若者中心の活動のような印象があるが、最近「推し活」にハマる高齢者が増えていると耳にした。

そこで鹿児島テレビでは2024年11月、自社のKTSアプリを使って「推し活」に関するアンケートを行った。回答があったのは、645人。

その中で、周りに「推し活」をしている高齢者はいるか?という質問に、「はい」と答えたのは、114人だった。つまり、6人に1人が、「推し活」をする高齢者が、近くにいると回答したことになる。

プロバレーボールの試合に高齢者のファンが集合

さっそく、実態を調査してみた。やってきたのはいちき串木野市。

地元のVリーグチーム・フラーゴラッド鹿児島のホーム戦の会場だ。フラーゴラッド鹿児島は、鹿児島市に隣接する日置市がホームタウンで、地域密着を掲げ活動するプロの男子バレーボールチーム。

2023-2024シーズン、当時V3リーグ参入1年目でいきなり優勝し、現在は「Vリーグ」に参戦している。地元の高齢者の口コミが仲間を呼び、今では観戦者の約3割が65歳以上の高齢者だという。

「応援に来るのはこれで6回目!」という83歳の女性は、同世代の3人で観戦に来ていた。館内は、うちわやスティックバルーンなどを手にしたファンの姿が目立つ。

試合中の会場は熱気を帯びていた。選手の一挙手一投足が注目される。展開が変わるたびに、歓声が上がり、拍手が起こる。会場は、えも言われぬ一体感に包まれていた。観戦に訪れた人たちは、声を出して選手を鼓舞したり、大きなため息をついたり、手をたたいて喜んだり。心の底から試合を楽しんでいる様子だった。

好きなグループとの出合い 今までとは違う自分

アイドルグループのメンバーにハマっているという薩摩川内市の69歳の女性を訪ねた。二木和子さんは2020年1月にデビューした「Snow Man」のファンだ。

部屋にはグッズがいっぱい!推し活を始めたきっかけは、コロナ禍で見た「Snow Man」の番組だった。「この人たち、いい!」と感じた二木さん、2日目には9人のメンバーを覚えていて、自分で驚いたそう。「私、興味あるじゃん!」と少女のような屈託ない笑顔で語った。

そんな母の姿を見た息子たちの勧めで戸惑いながらもファンクラブに入った二木さん、一番の「推し」は、ファンの間で舘様(だてさま)と呼ばれている、宮舘涼太さん。過去のライブ映像で、“編み編み”のタンクトップに厚い胸板の姿を見て「私、こういう人がいい!って思った。」と頬を赤らめた。
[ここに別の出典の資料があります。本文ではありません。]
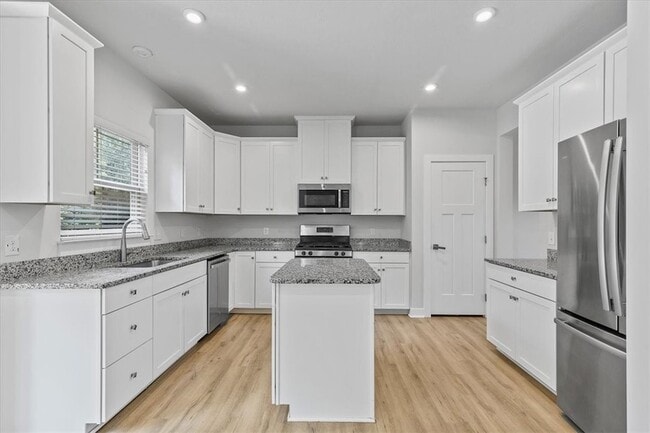 Building Photo - 118 Hamilton Dr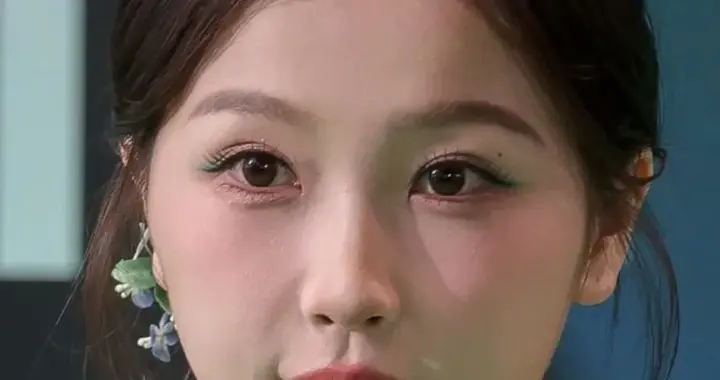 明星高清写真鉴赏｜虞书欣活动现场生图照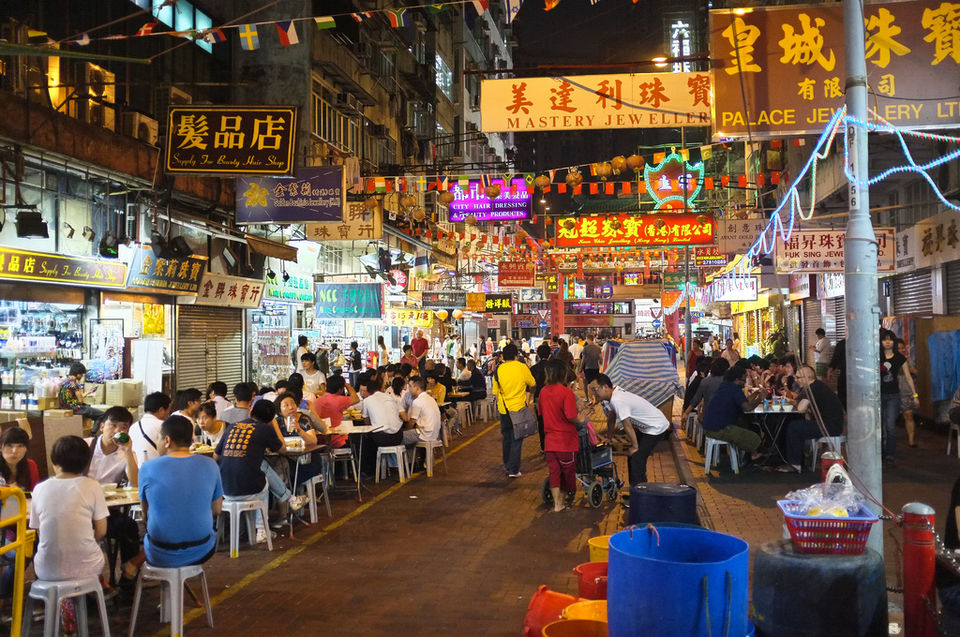 Photo of Temple Street Night Market, Temple Street, Jordan, Hong Kong by Travel Tales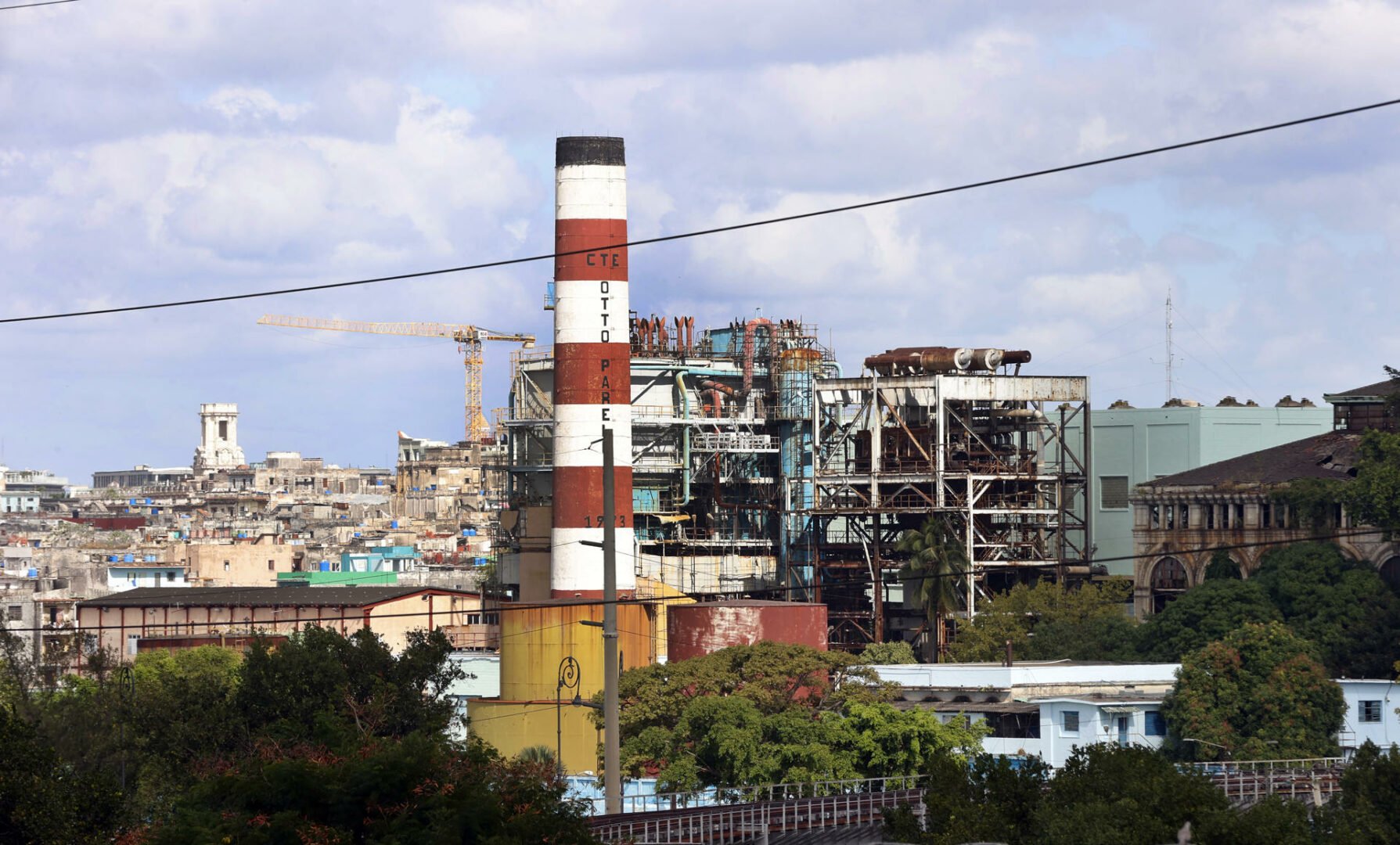 Millones de cubanos siguen sin electricidad debido al tercer apagón en dos meses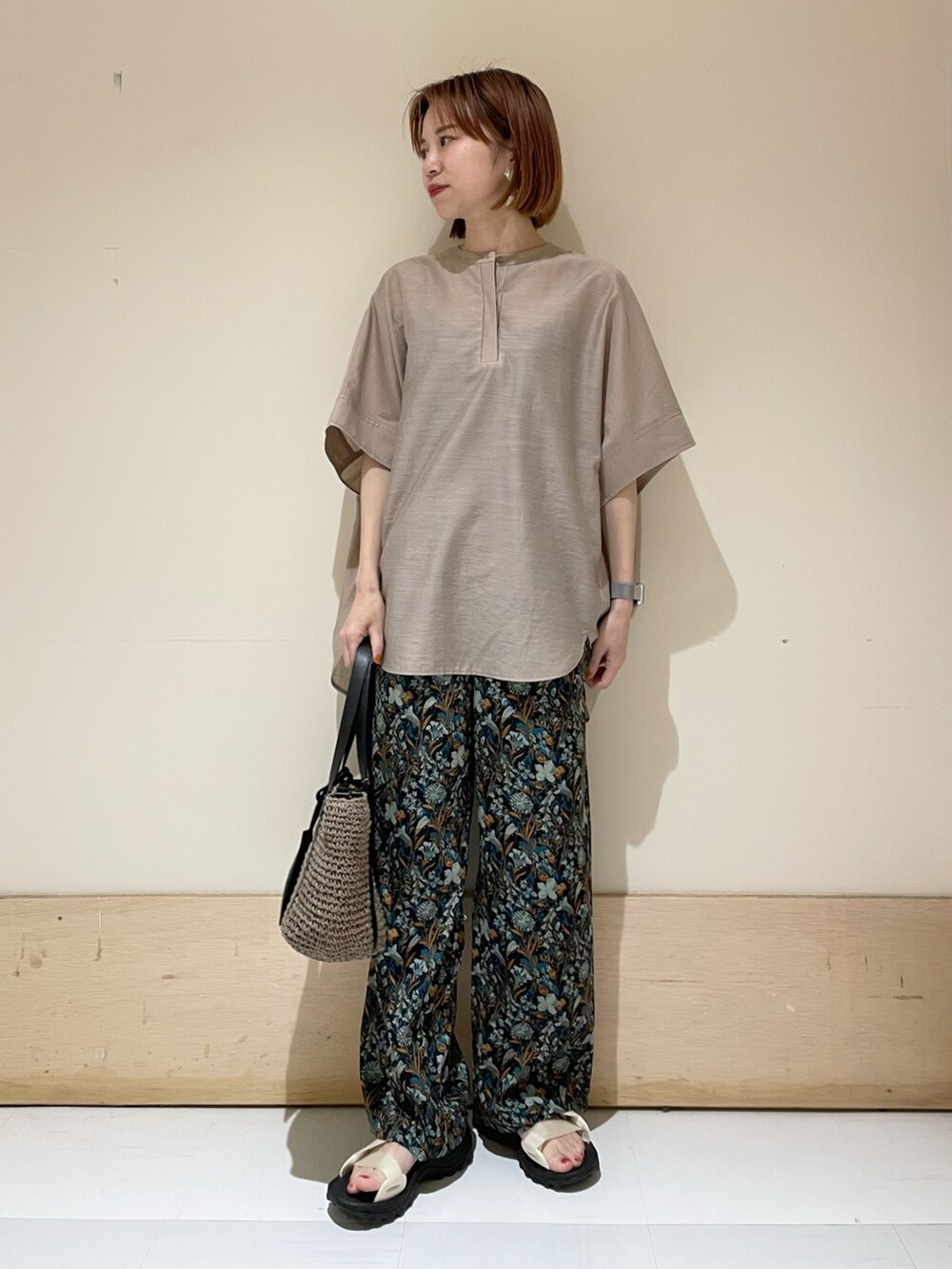 グレー系のシャツ/ブラウス、ブルー系のその他パンツ、グレー系のトートバッグを着用したレディースの夏コーディネートの3枚目の写真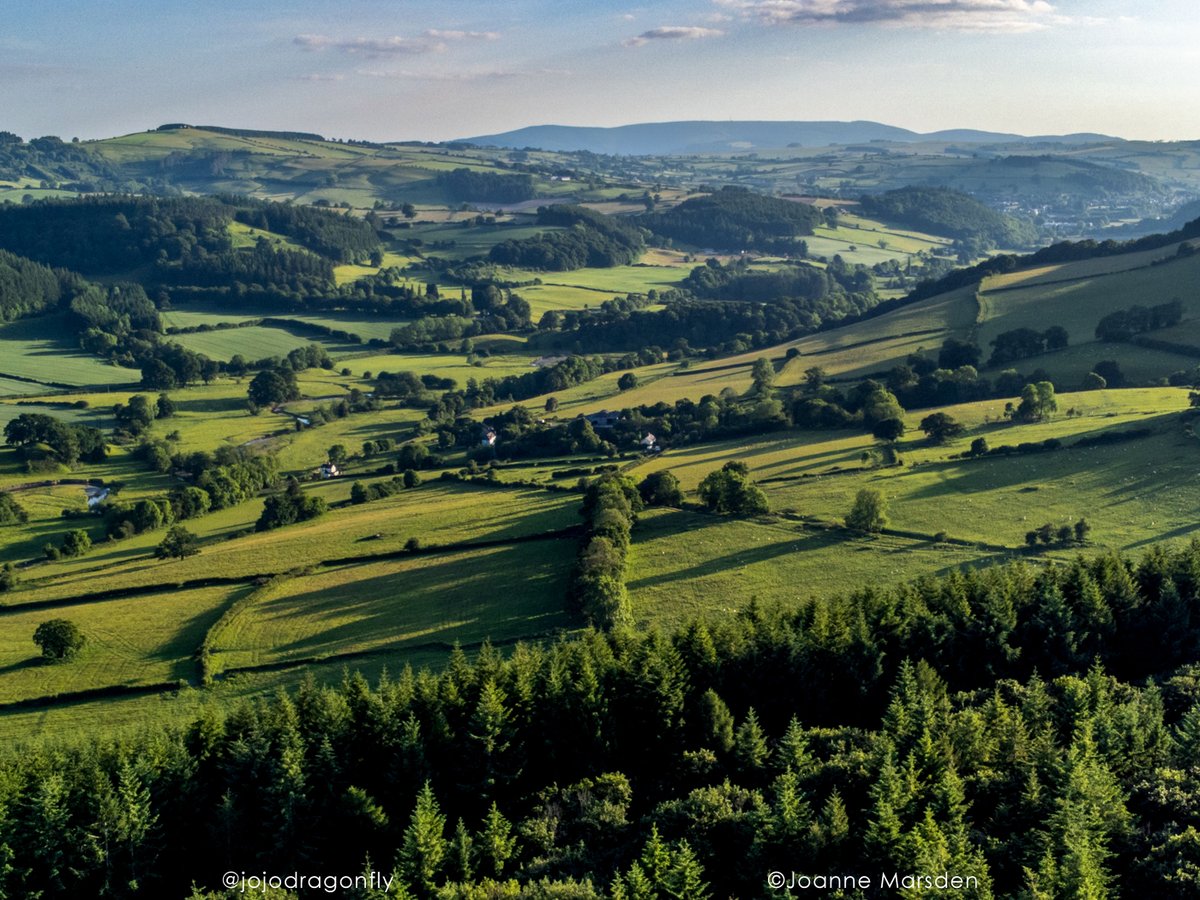 jojodragonfly's tweet photo. Views down the #TemeValley
From #Shropshire into #Powys with #Knighton in the distance.
The @HeartWalesLine travels right down the middle of the valley. 
@visitknighton @midwalesmyway #visitknighton
@shropshirestar @powyscountytimes 
#ThePhotoHour #dronephotography https://t.co/0mjn9V9Yko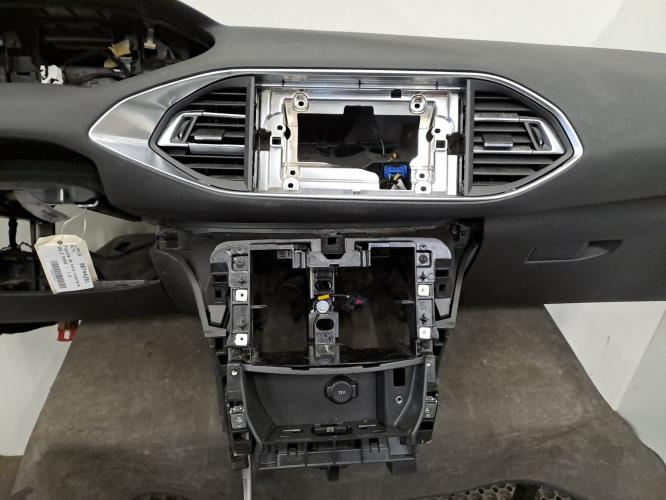 Image Tableau de bord - PEUGEOT 308 2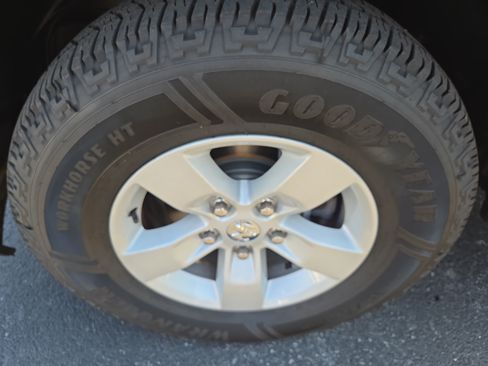 Certified 2020 RAM 1500 Tradesman w/ Popular Equipment Group RWD image 25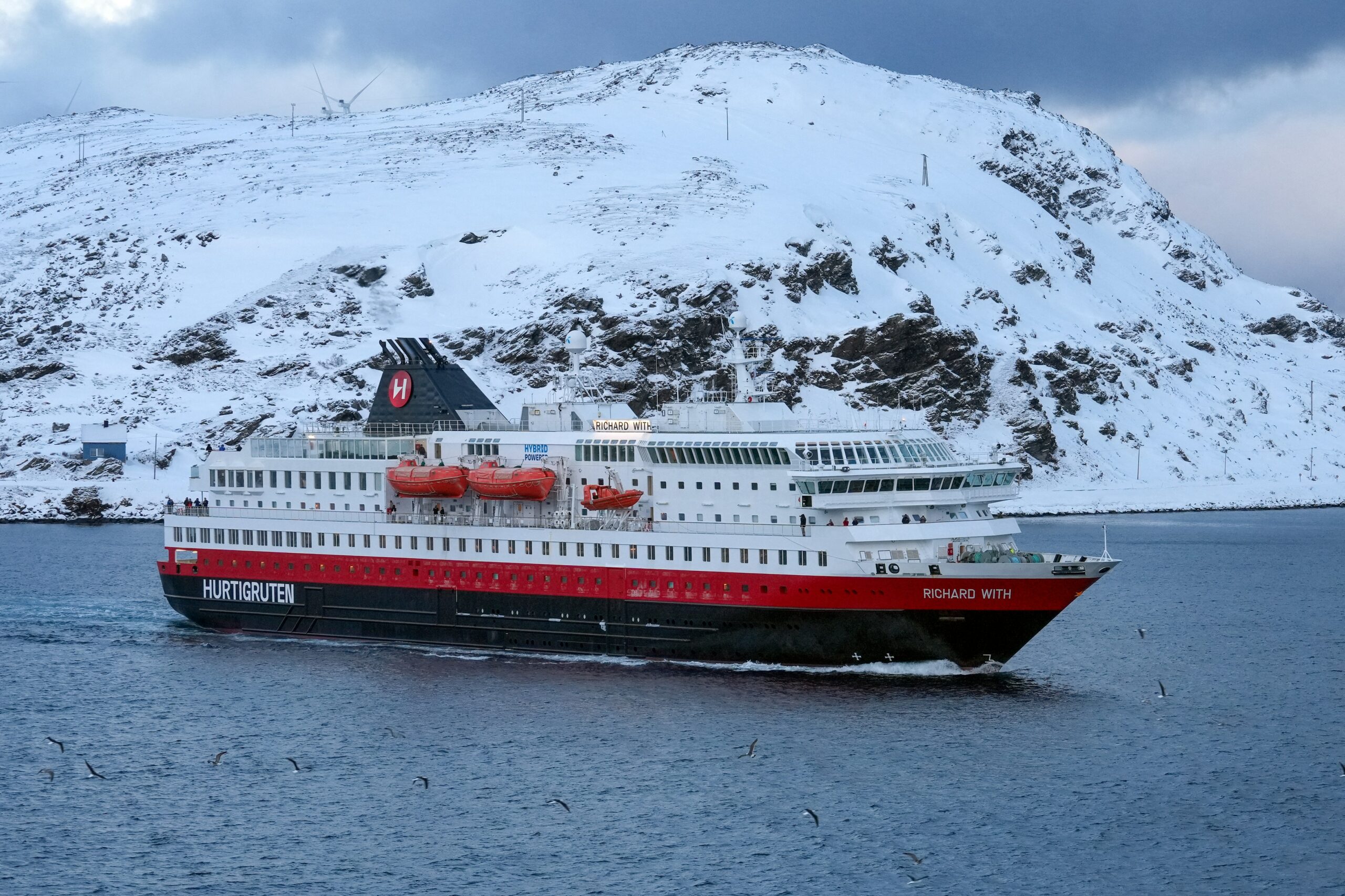 een hurtigruten boot in de winter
二木さんがここまでアーティストにハマるのは初めて。11月には福岡で行われたドームツアーに1人で出かけた。服装はもちろん、宮舘さんのメンバーカラーの赤!

応援のペンライトはリーダーの岩本照さんのメンバーカラーである黄色用、宮舘さんの赤用に2本、そしてうちわを2つ購入。両手で持ちきれないが「よく考えたら(一度に全部は)持てないのに、おバカやん!?」と、はしゃいだ様子。Snow Man愛いっぱいのトークは止まらなかった。

さらに「いろんな情報を集めたいから、インスタグラムやXを覚えました」表情からは、毎日が楽しく充実している様子がうかがえる。

「推し活」で人とつながり 高齢者の身体や心が満たされる

「高齢者の推し活と幸福度の関係性」を研究するサントリーウエルネス生命科学研究所・森田賢研究員に、「推し活」が高齢者にもたらす効果について聞いた。

「推し活」が高齢者の行動を活性化してくれると考えているという森田さん。「人とつながる量が増える。つながりの質も高まっていく。その中で自分の役割ができたりする。」とその効果を語る。

そして、「心がワクワクする楽しい時間によって、高齢者が身体も心も満たされる状態」を「推し活」が提供してくれるのではと、期待を口にした。

人生100年といわれる現代。日常の中で幸福だと思える時間は、できるだけ多い方がよい。自分以外のモノや人を応援することが与えてくれる幸せ。そんな価値観で残りの人生を楽しむのも、なかなか良いのではないか。

推し活は、高齢者にとっても、生きがいや生活にハリをもたらす、魔法のような存在なのかもしれない。